[rescue] Mail Server

Mike Meredith mike at redhairy1.demon.co.uk
Tue Dec 21 12:12:55 CST 2004


On Tue, 21 Dec 2004 08:31:42 -0600, Wes Will wrote:
> 4.  Exim and qmail are quite able programs, and Exim in particular is
> known for dealing gracefully with very large loads by using some
> decent parallel queueing strategies.  Both programs (and qmail

Eh? That's the thing Exim is not known for ... queueing I mean, as it
quite happily handles quite extreme levels of load. Exim was written on
the assumption that the vast majority of mail can be delivered
immediately with only a tiny amount being put onto the queue for later
delivery attempts. In fact the subject of handling large queues appeared
on the Exim mailing list recently, and there's a chance that something
will be done about it.

For the record, unless you're handling millions of messages a day Exim
will work perfectly well without tuning.

> especially) are difficult to get set up.  It takes some getting used

Exim is difficult to setup ? Blimey, I must be brighter than I thought
:)

> to to blithely put binaries in /var.... In other words, getting either

Most people stick the Exim binaries in the normal places for binaries. I
suppose you could stick 'em under /var if you wanted to, but why?

> around - and we're back to to the binaries in/var thing... I just
> don't -like- qmail.).

There's lots of legitimate reasons for not running qmail.

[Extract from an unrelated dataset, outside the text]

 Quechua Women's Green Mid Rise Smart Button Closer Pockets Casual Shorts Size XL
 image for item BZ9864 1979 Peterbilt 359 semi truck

For instance,
it seems by default to bounce undeliverables rather than reject them.
And it doesn't collapse multiple recipients into one SMTP session.

> There are some reasons, not too rabid, for Postfix.  If you are
> needing something in the small-to-medium-huge range, Postfix is your

I'd choose Exim myself, but I certainly wouldn't panic at running
Postfix.

> best bet.  If you want to handle massively huge mail queues (tens of
> thousands of messages per minute), go with Exim and pay close
> attention to the process and thread limits sections of the config

There's a *threads* section ? Doesn't appear in my Exim configuration
file which isn't conclusive, but I did pay a lot of attention when
writing it.

And get the fastest disks you can for your /var (or /var/spool/exim).
Preferably solid state disks. One guy wanted to use IDE disks on his
Exim server; I fell off my chair laughing.

I've got to admit I'm puzzled by why you think that Exim is hard to
configure. Sure it isn't that easy, but no MTA is really easy (if you
think it is, you're probably doing something wrong).